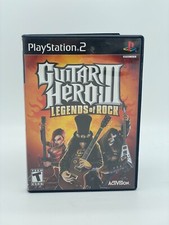 Guitar Hero 3 III: Legends of Rock (Sony PlayStation 2, PS2, 2007) CIB Complete
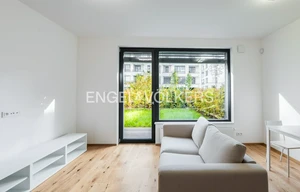 Apartment for rent, 2+kk - 1 bedroom, 44m<sup>2</sup>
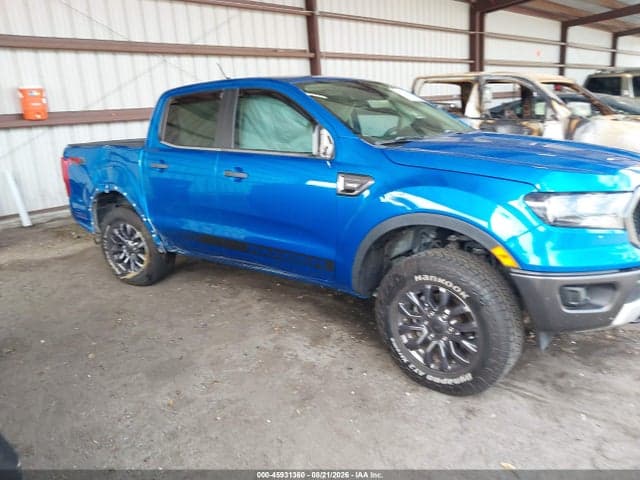 2021 FORD RANGER XLT 1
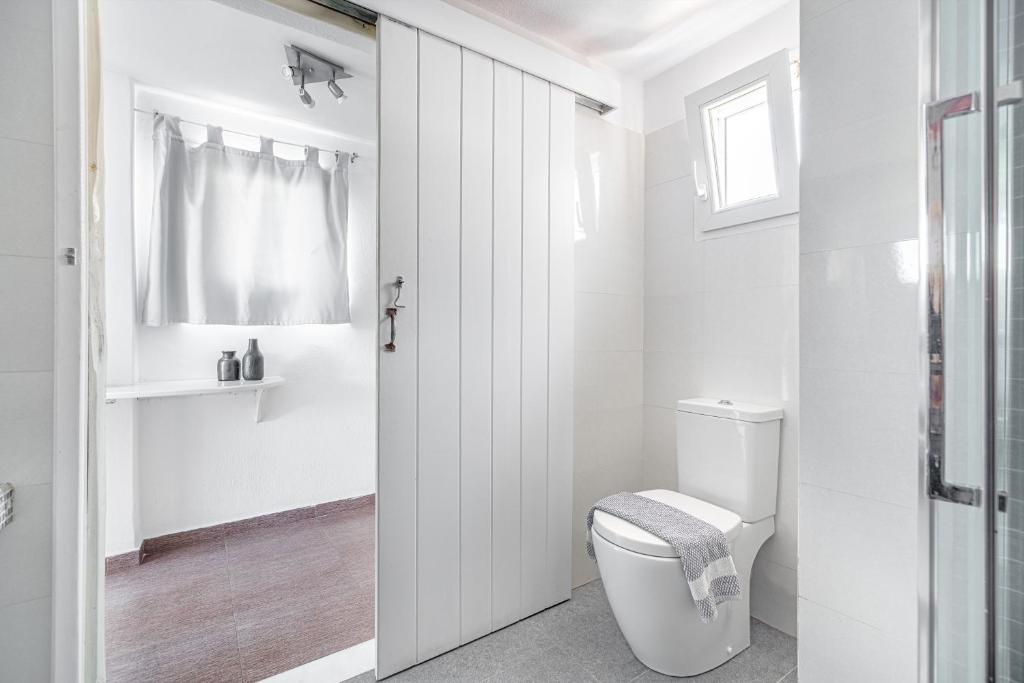 Kúpeľňa v ubytovaní Central Suites Mykonos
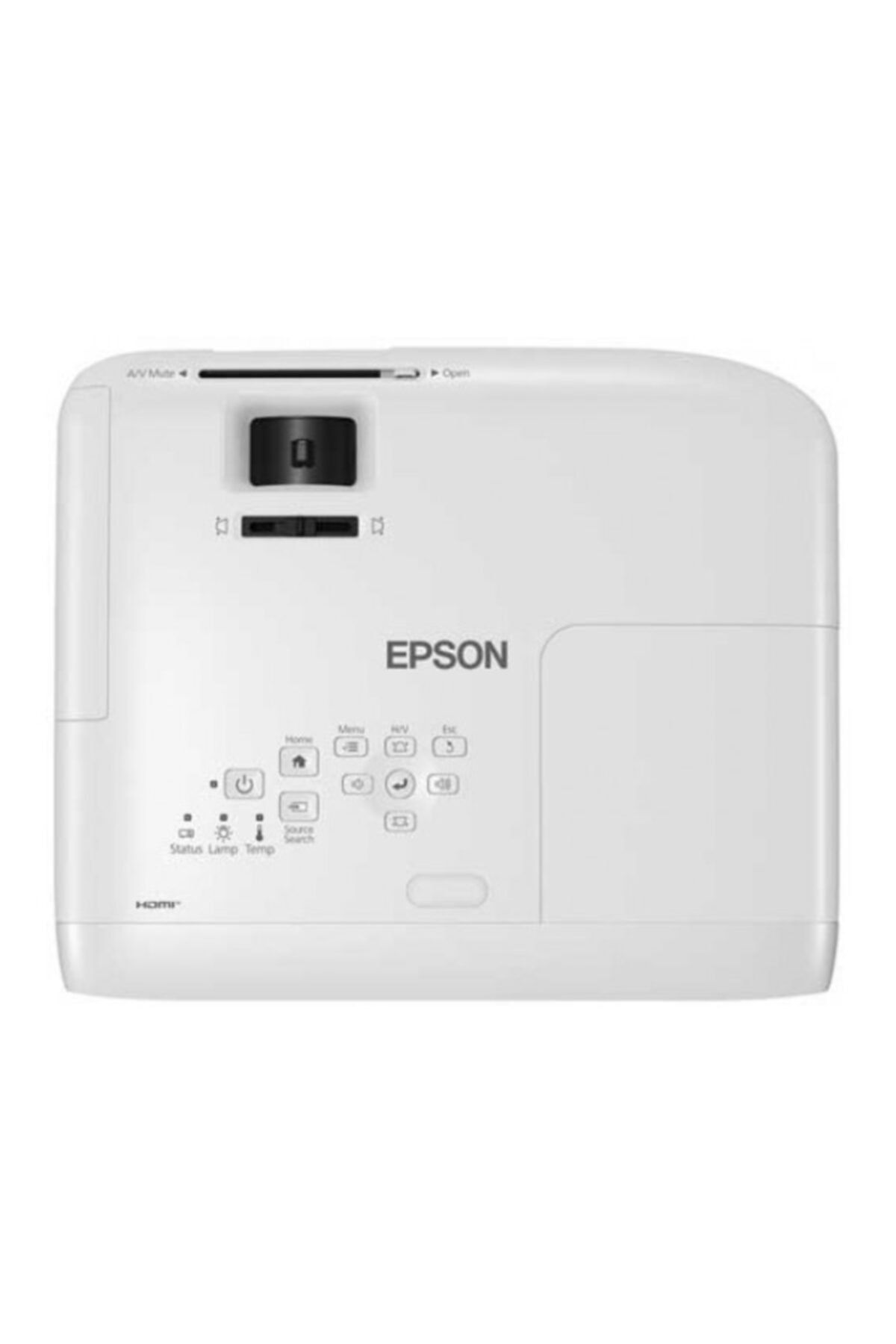 Epson Beyaz Eb-e20 3400al 1024x768 12000s Vga/hdmı 15000:1 Projeksiyon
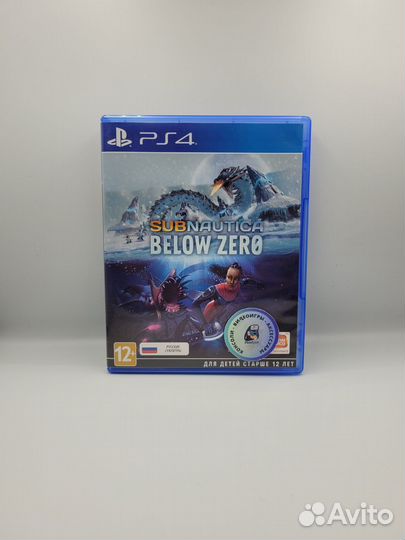 Subnautica Below Zero PS4 (б/у, рус.суб.)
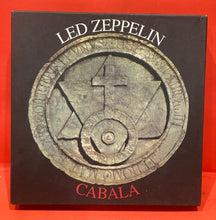 Load image into Gallery viewer, LED ZEPPELIN - CABALA - 8 XCD + VHS - BOX SET
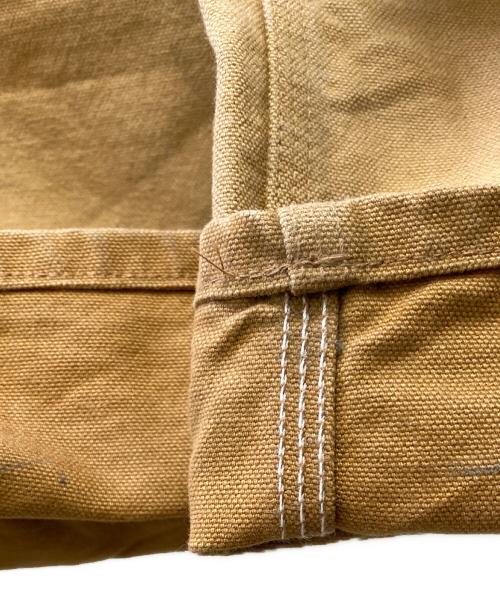 CarHartt（カーハート）CarHartt (カーハート) ウォッシュドダック ダブルニー ペインターパンツ ブラウン サイズ:30×32の古着・服飾アイテム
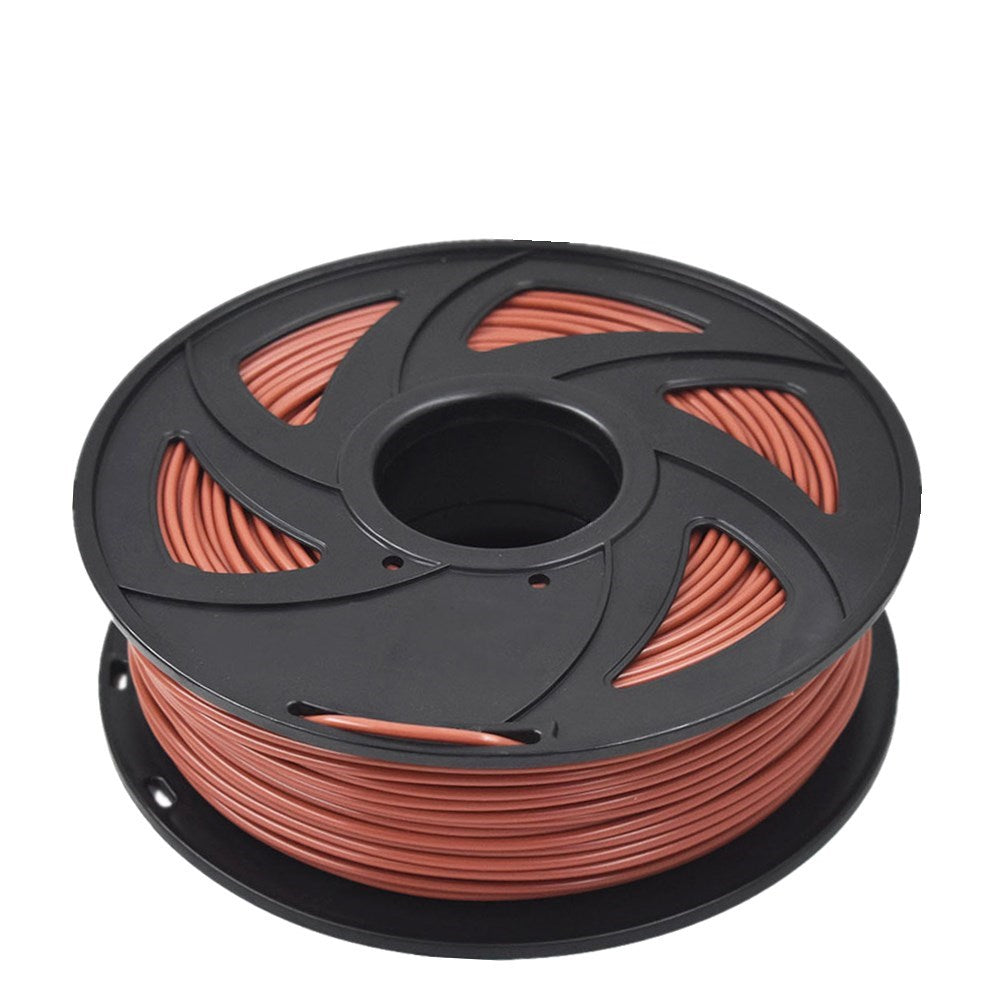 findmall ABS 3D Printer Filament - 2.20 lb (1KG) The Diameter of 3.00 mm, Dimensional Accuracy ABS Multiple Color (Brown) FINDMALLPARTS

##########

Every line above needs to be written out again as it stands. Pictures do not belong in the copy.

** Reply to the exercise **
 Guitar Hero 3 III: Legends of Rock (Sony PlayStation 2, PS2, 2007) CIB Complete
 Apartment for rent, 2+kk - 1 bedroom, 44m<sup>2</sup>
 2021 FORD RANGER XLT 1
 Kúpeľňa v ubytovaní Central Suites Mykonos
 Epson Beyaz Eb-e20 3400al 1024x768 12000s Vga/hdmı 15000:1 Projeksiyon
 Subnautica Below Zero PS4 (б/у, рус.суб.)
 Load image into Gallery viewer, LED ZEPPELIN - CABALA - 8 XCD + VHS - BOX SET
 CarHartt（カーハート）CarHartt (カーハート) ウォッシュドダック ダブルニー ペインターパンツ ブラウン サイズ:30×32の古着・服飾アイテム
 findmall ABS 3D Printer Filament - 2.20 lb (1KG) The Diameter of 3.00 mm, Dimensional Accuracy ABS Multiple Color (Brown) FINDMALLPARTS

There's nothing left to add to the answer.